The reason I love the sciences is that in general, people are more
meritocratic in those circles compared to others. I've found especially in
scientific academia that people are far more meritocratic compared to other
disciplines. This also applies at science/engineering companies. No, not at
all levels (the more business-y you get, the less of a meritocracy it
becomes). But usually team-leads, senior engineers, etc. rise because of
merit. Always exceptions, but in general. Much more than as an accounting firm
where you rise because you know somebody who knows somebody.

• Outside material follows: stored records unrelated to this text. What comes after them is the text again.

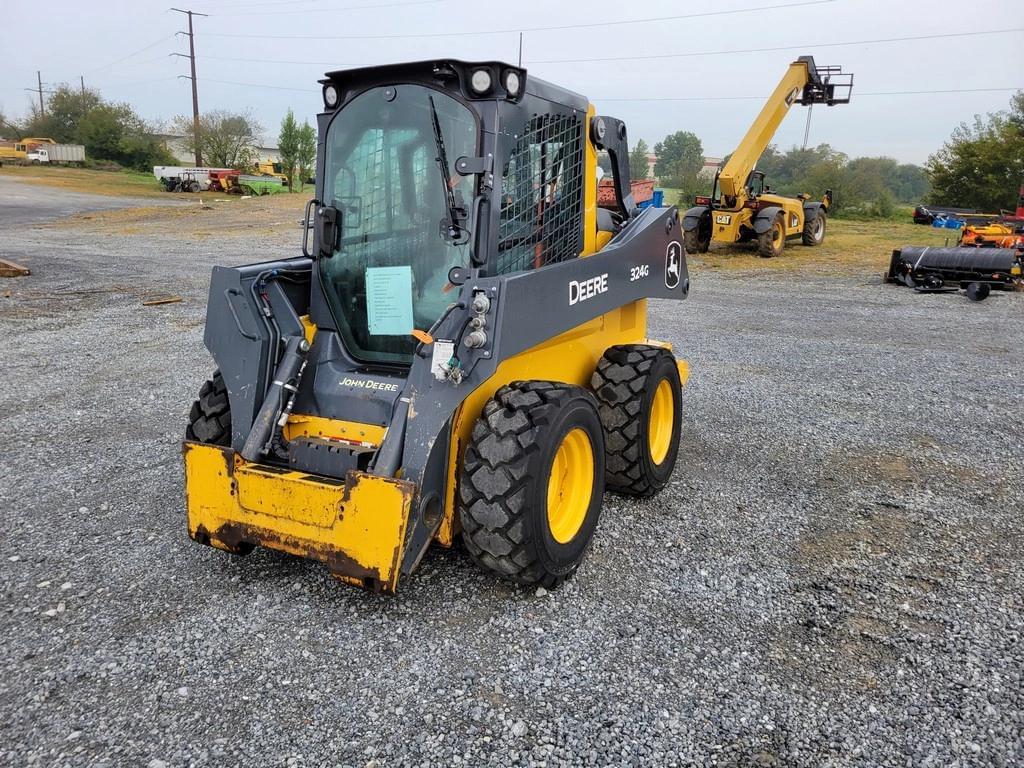Image of John Deere 324G Primary image
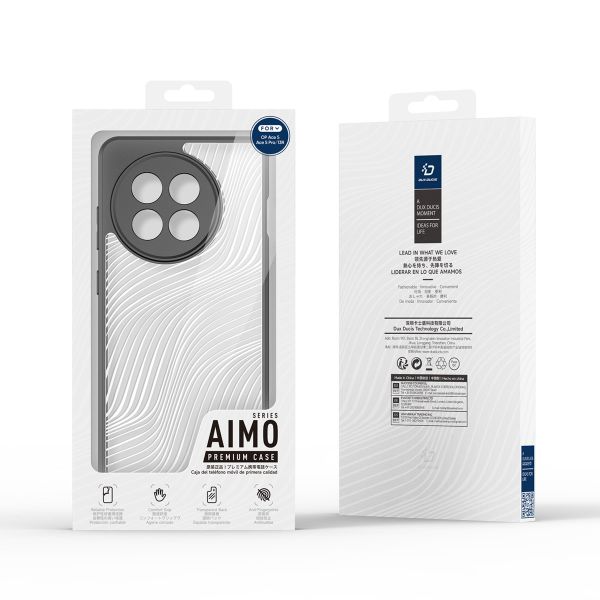 Dux Ducis Coque arrière Aimo OnePlus 13R - Transparent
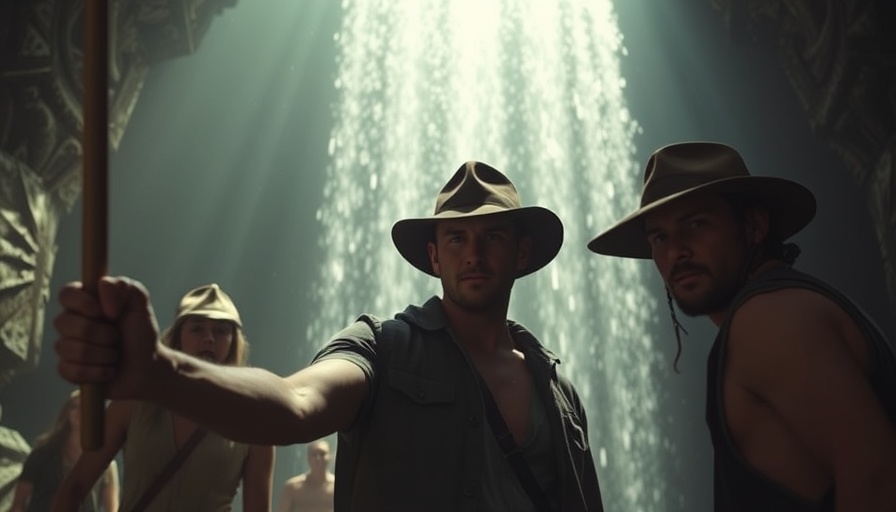 Fountain of Youth review – Guy Ritchie’s Indiana Jones knock-off is a soulless misadventure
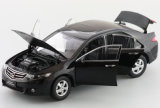 Diecast Model Car for 1: 18 Honda Spirior Euro Accord 2009 Black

Unfortunately, as time goes on, I've seen academic circles in sci&eng, and
especially tech companies (and silicone valley in general) become much more
interested in stay relevant, keeping up with social trends and movements, and
appearing progressive. You see this with all the FAANG companies calmoring to
be the first to speak out against some injustice or another, or be the first
to take a stand on Their Platform(TM).

And with this, the meritocracy has slowly declined. You don't rise in a
company because you're a skilled engineer - you can rise because you're a
token minority. Or because you're the most outspoken on a social injustice and
can see a way for your company to solve it (sorry, profit from it). You can be
rewarded because you were the first (insert random minority here) to solve a
problem or do something that plenty of other people had already done. Rather
than celebrating scientific advancement, we're now celebrating _the type of
people making that advancement_. What next, the first black woman to clone a
GitHub repo? Let's name the GitHub HQ after that.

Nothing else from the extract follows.